REQUIRED WORK: Copy word for word the lines of the records below, beginning at the one with "house 7 Rooms for sale on Alès (30100)" and finishing at the one with "Loaded with surfing items", ends included, but none of the pictures.

GIVEN INFORMATION:
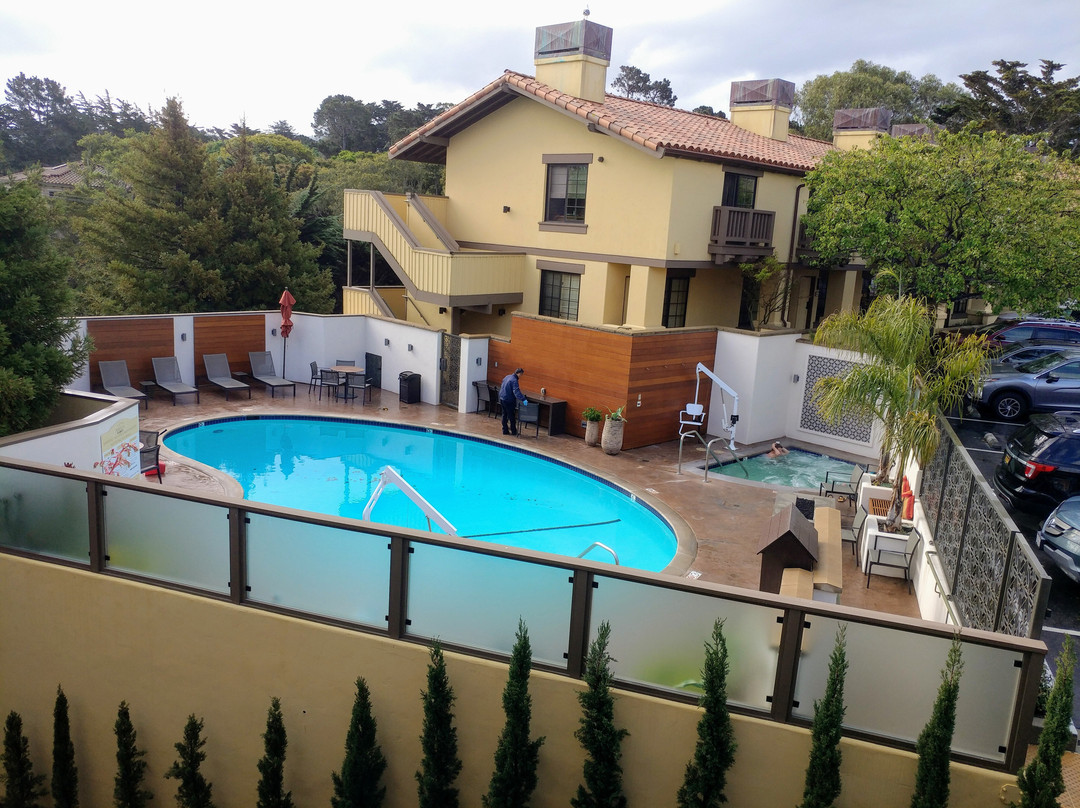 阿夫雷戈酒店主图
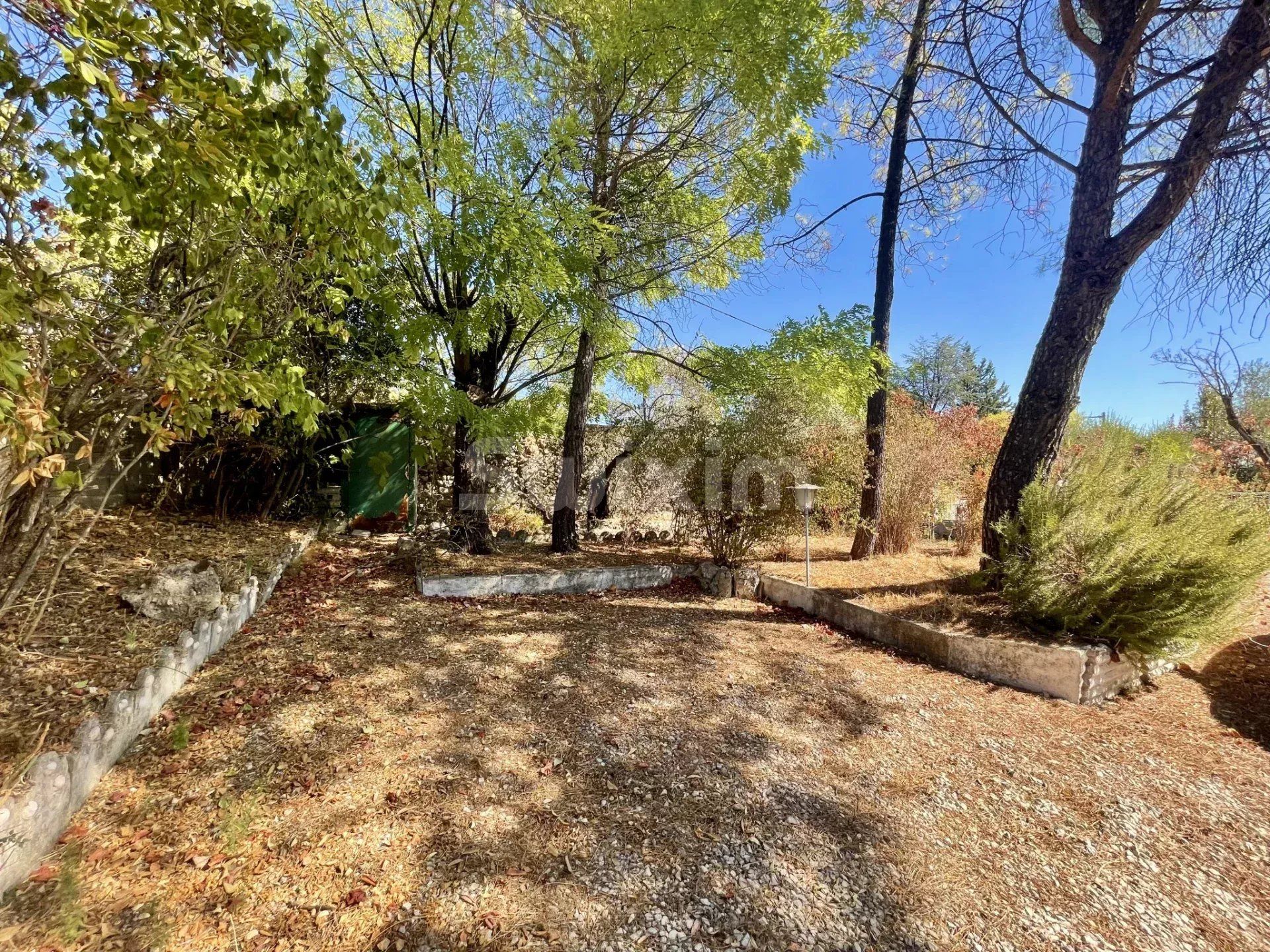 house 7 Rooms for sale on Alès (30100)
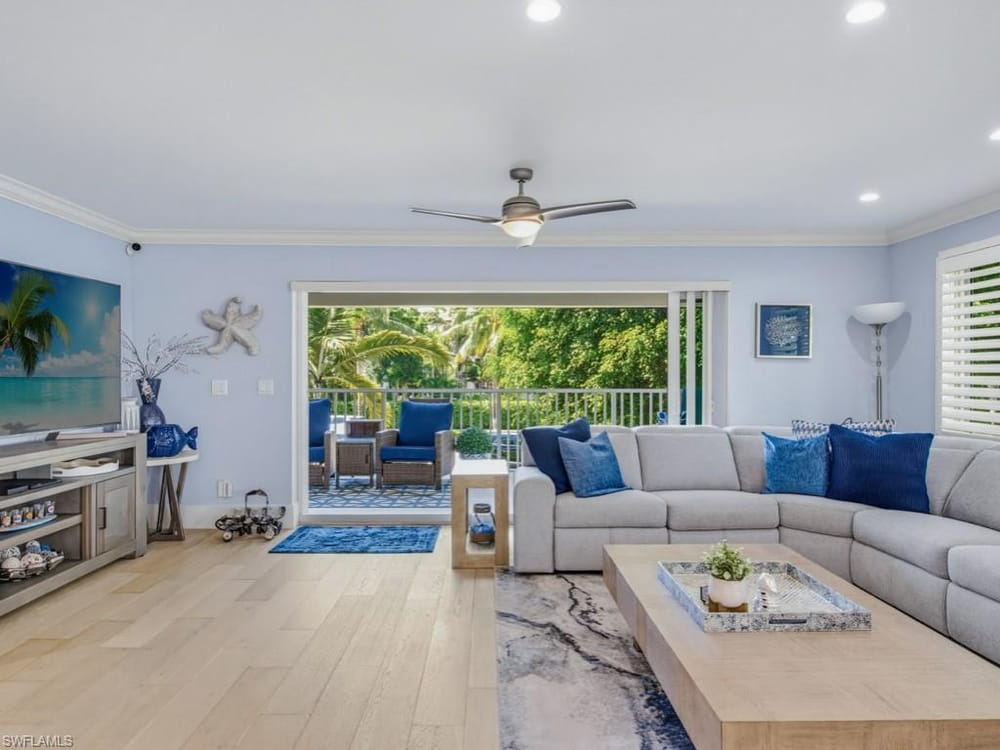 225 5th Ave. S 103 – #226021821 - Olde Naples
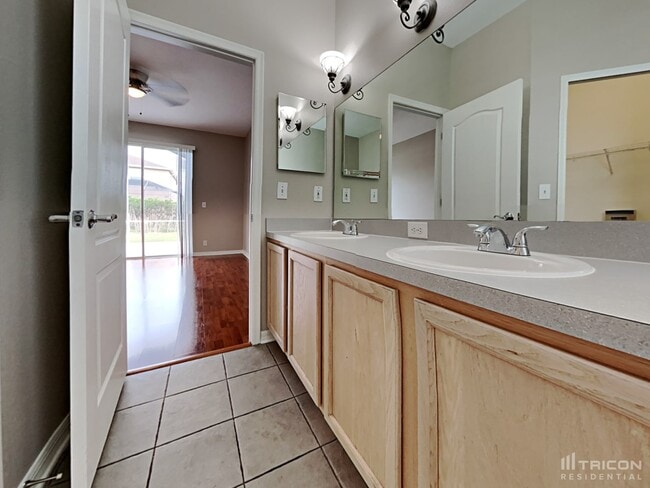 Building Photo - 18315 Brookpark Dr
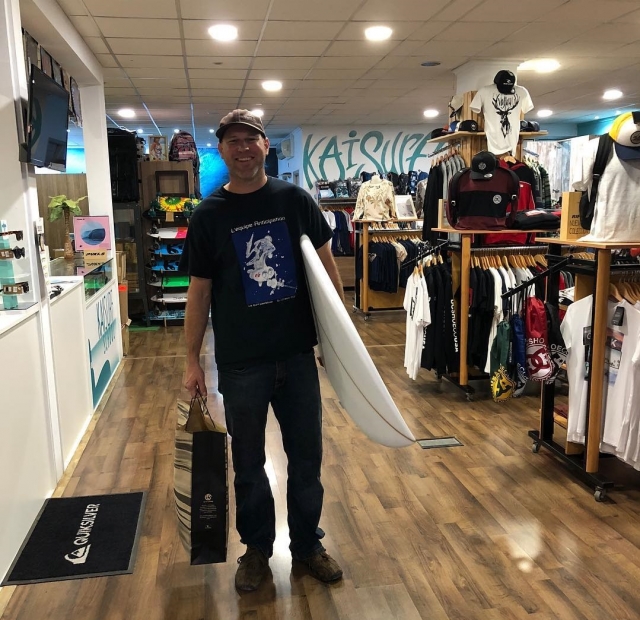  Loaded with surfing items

* * *

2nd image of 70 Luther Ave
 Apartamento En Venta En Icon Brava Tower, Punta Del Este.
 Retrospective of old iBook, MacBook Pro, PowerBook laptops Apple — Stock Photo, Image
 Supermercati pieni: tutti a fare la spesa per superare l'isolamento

ANSWER FOR THIS EXERCISE:
 house 7 Rooms for sale on Alès (30100)
 225 5th Ave. S 103 – #226021821 - Olde Naples
 Building Photo - 18315 Brookpark Dr
  Loaded with surfing items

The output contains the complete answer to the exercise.